* _What this task involves_
In the records below, the relevant part opens with the line containing "China Lithium EV" and closes with the line containing "42464-96-0 fiziksel numune"; print that part exactly and only, without its pictures.
************
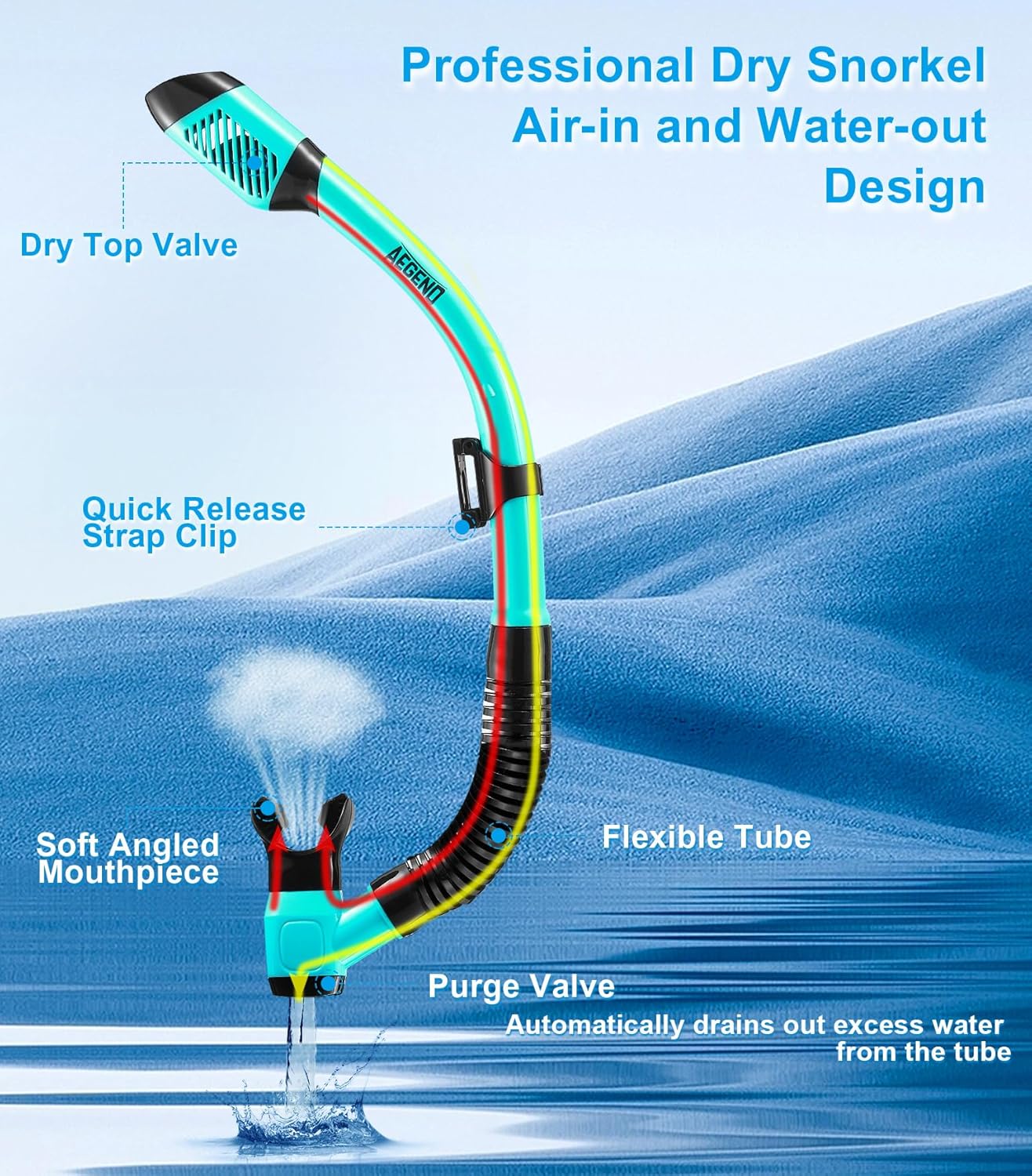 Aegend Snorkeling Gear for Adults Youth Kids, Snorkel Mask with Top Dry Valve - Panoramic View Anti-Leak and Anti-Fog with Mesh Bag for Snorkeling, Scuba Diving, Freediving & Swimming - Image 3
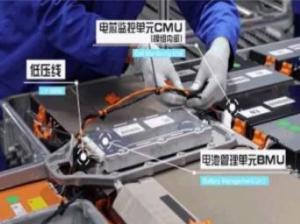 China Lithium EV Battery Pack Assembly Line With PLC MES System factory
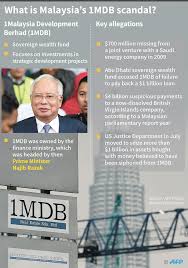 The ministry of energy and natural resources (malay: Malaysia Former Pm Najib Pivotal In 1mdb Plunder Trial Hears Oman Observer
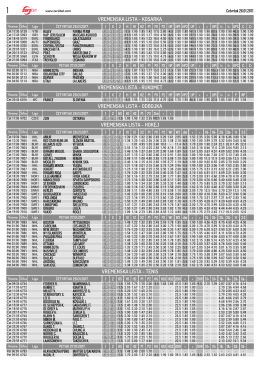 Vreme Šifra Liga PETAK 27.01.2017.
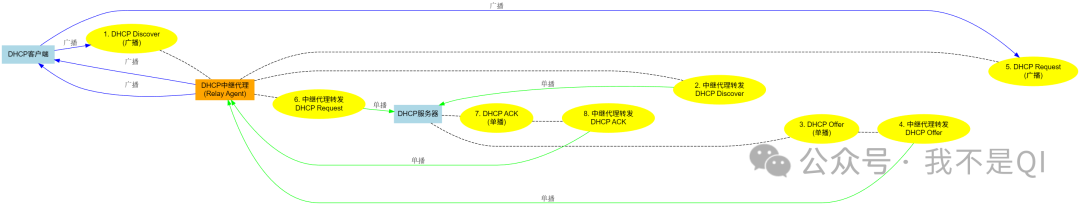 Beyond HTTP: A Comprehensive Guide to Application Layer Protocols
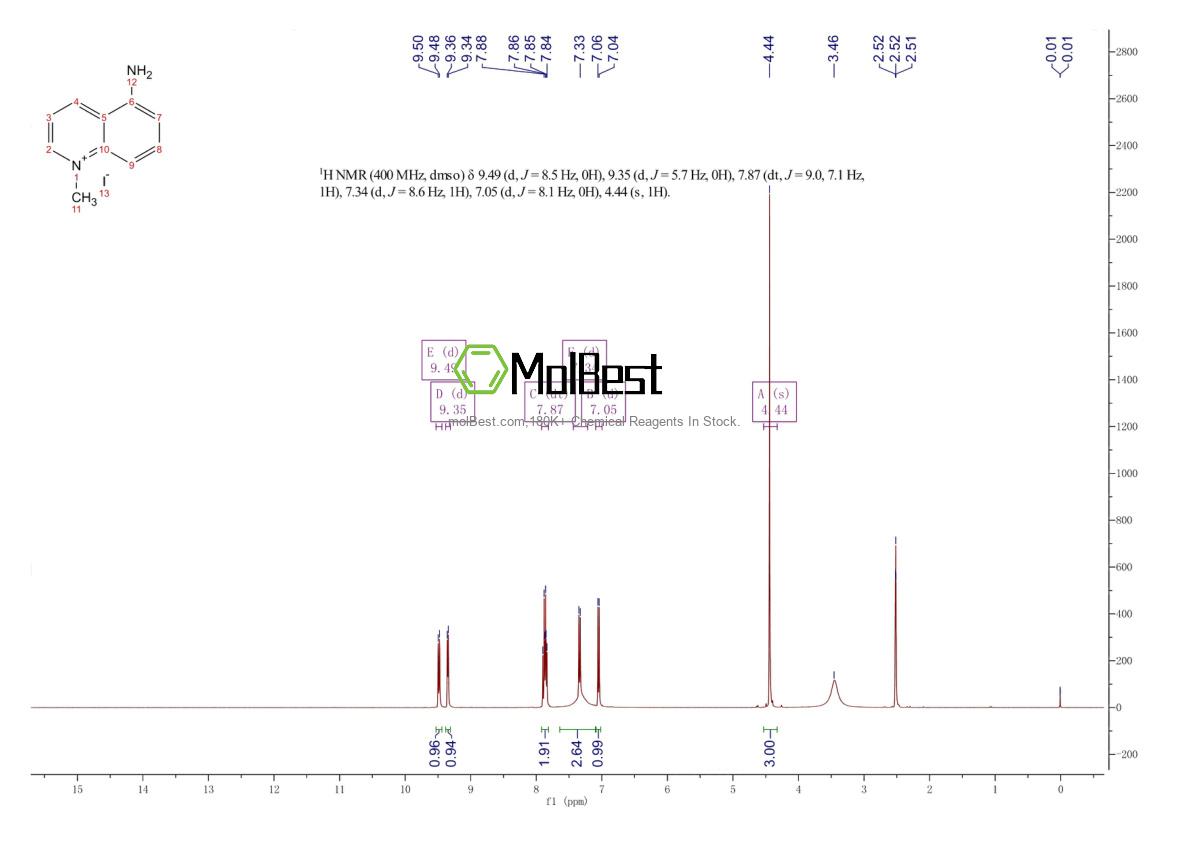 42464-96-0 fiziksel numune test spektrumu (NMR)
************
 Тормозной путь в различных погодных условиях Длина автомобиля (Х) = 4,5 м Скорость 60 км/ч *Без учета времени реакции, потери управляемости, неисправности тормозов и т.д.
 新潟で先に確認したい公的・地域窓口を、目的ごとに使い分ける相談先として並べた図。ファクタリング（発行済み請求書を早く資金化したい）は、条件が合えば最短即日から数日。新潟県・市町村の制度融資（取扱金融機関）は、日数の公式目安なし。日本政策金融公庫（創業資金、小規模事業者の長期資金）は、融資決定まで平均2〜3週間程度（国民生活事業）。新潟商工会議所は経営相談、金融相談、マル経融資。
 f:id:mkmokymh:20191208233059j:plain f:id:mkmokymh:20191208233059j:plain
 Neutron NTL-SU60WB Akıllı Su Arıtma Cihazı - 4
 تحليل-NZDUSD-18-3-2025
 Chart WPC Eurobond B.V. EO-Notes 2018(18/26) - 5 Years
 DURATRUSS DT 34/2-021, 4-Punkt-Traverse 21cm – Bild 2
************
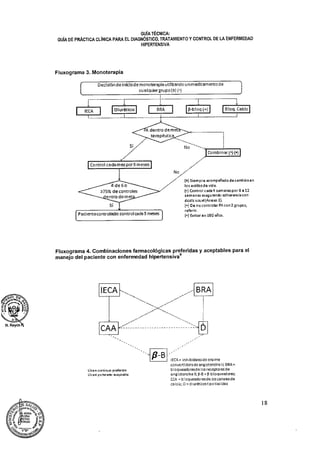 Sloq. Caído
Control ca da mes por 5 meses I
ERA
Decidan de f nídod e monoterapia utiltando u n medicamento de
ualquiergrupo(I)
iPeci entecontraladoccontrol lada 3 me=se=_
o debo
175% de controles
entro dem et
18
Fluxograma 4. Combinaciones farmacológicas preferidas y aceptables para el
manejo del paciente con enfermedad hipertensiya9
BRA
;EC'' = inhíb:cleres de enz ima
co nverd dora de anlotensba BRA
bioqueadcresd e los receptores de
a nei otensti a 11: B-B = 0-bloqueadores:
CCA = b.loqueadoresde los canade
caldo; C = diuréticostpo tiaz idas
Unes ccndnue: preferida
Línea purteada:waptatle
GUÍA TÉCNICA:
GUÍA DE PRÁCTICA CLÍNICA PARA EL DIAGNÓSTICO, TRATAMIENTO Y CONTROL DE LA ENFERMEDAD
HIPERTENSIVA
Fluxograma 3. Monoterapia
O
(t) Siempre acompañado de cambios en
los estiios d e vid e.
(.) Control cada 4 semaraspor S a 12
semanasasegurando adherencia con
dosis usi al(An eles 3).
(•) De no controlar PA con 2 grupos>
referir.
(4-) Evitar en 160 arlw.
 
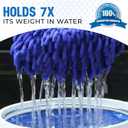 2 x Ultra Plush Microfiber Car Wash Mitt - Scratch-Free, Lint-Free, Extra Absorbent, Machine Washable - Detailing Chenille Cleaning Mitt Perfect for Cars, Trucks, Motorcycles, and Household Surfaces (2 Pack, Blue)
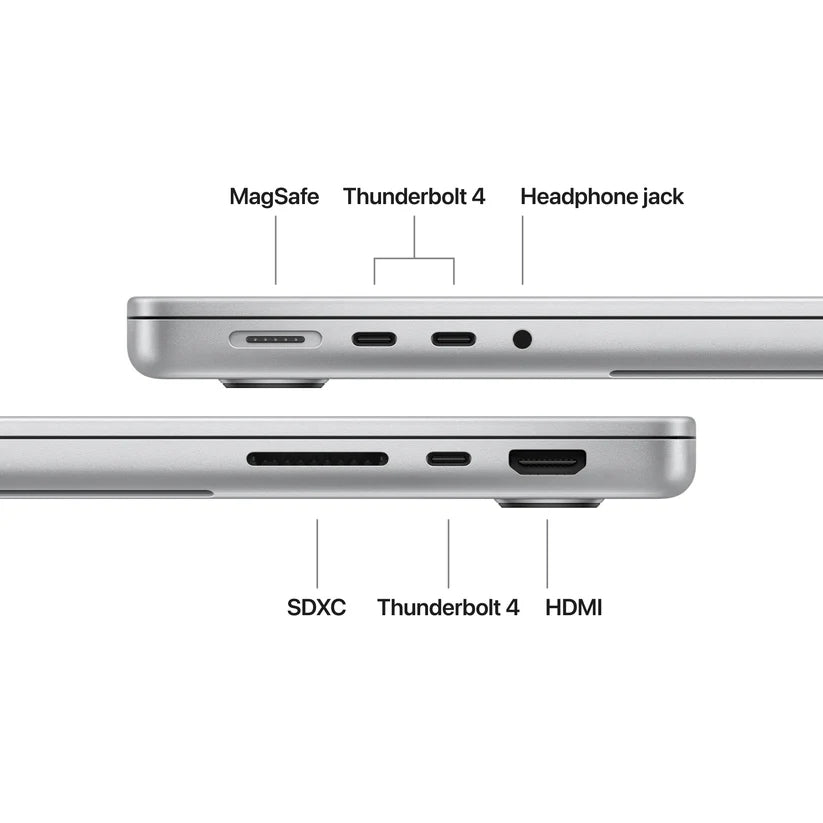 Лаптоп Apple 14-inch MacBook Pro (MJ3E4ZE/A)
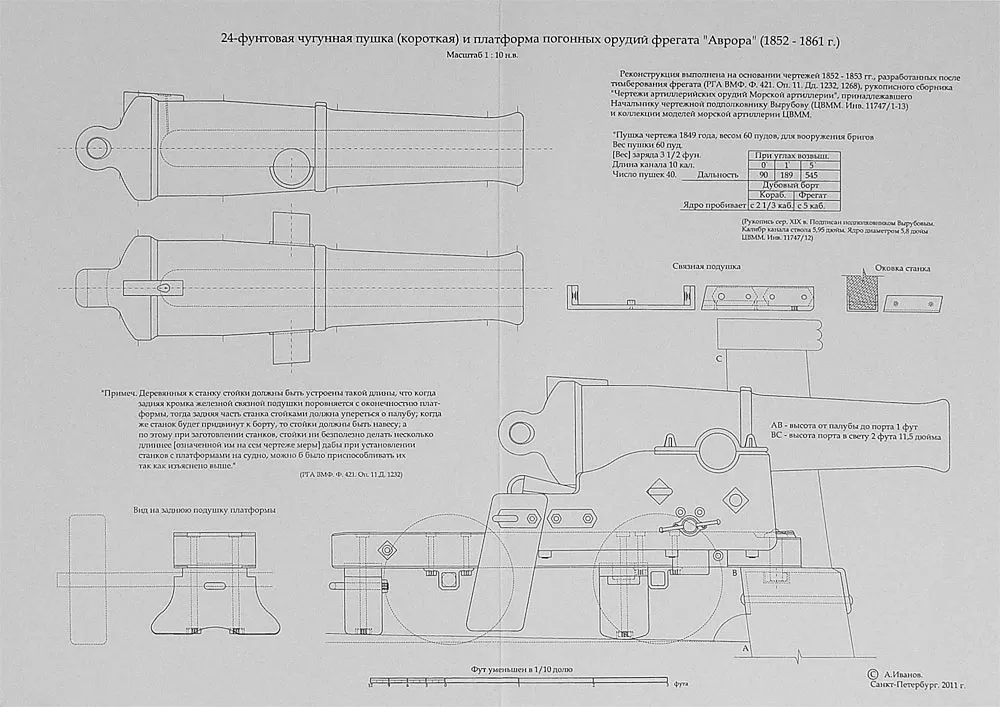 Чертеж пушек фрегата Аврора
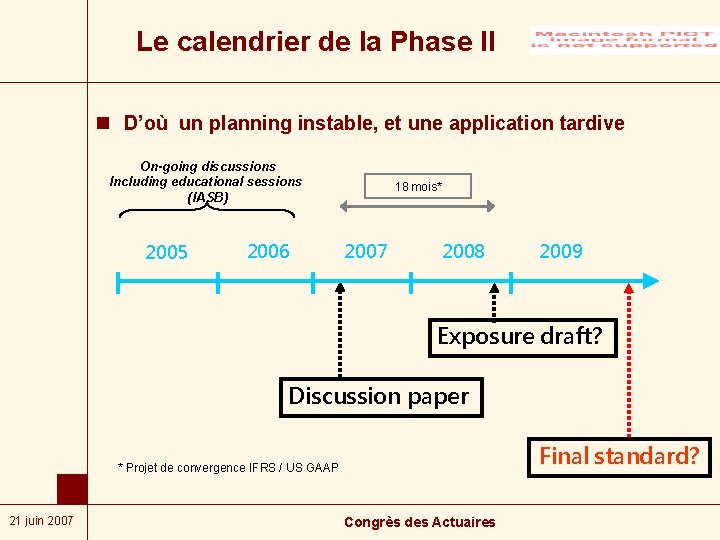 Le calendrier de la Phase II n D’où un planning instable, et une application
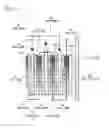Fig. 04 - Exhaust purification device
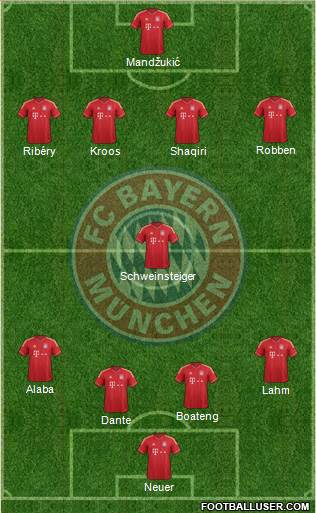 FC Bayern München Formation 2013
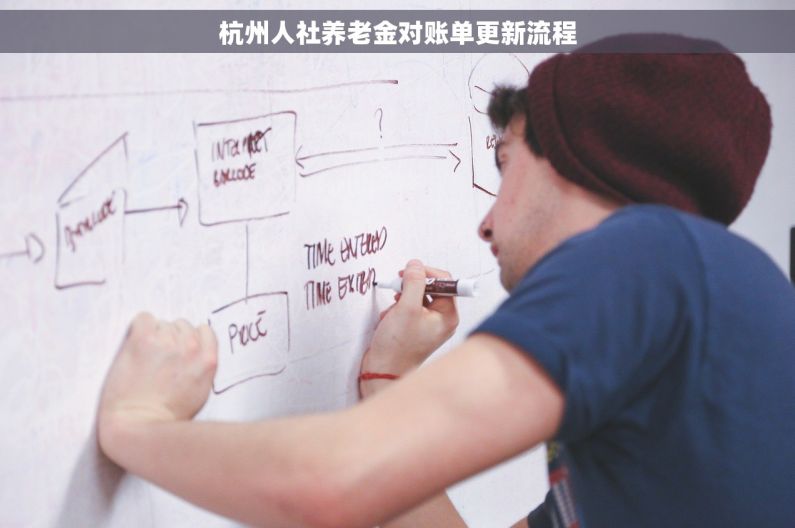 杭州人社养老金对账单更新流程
************
* _Task output_
 China Lithium EV Battery Pack Assembly Line With PLC MES System factory
 The ministry of energy and natural resources (malay: Malaysia Former Pm Najib Pivotal In 1mdb Plunder Trial Hears Oman Observer
 Vreme Šifra Liga PETAK 27.01.2017.
 Beyond HTTP: A Comprehensive Guide to Application Layer Protocols
 42464-96-0 fiziksel numune test spektrumu (NMR)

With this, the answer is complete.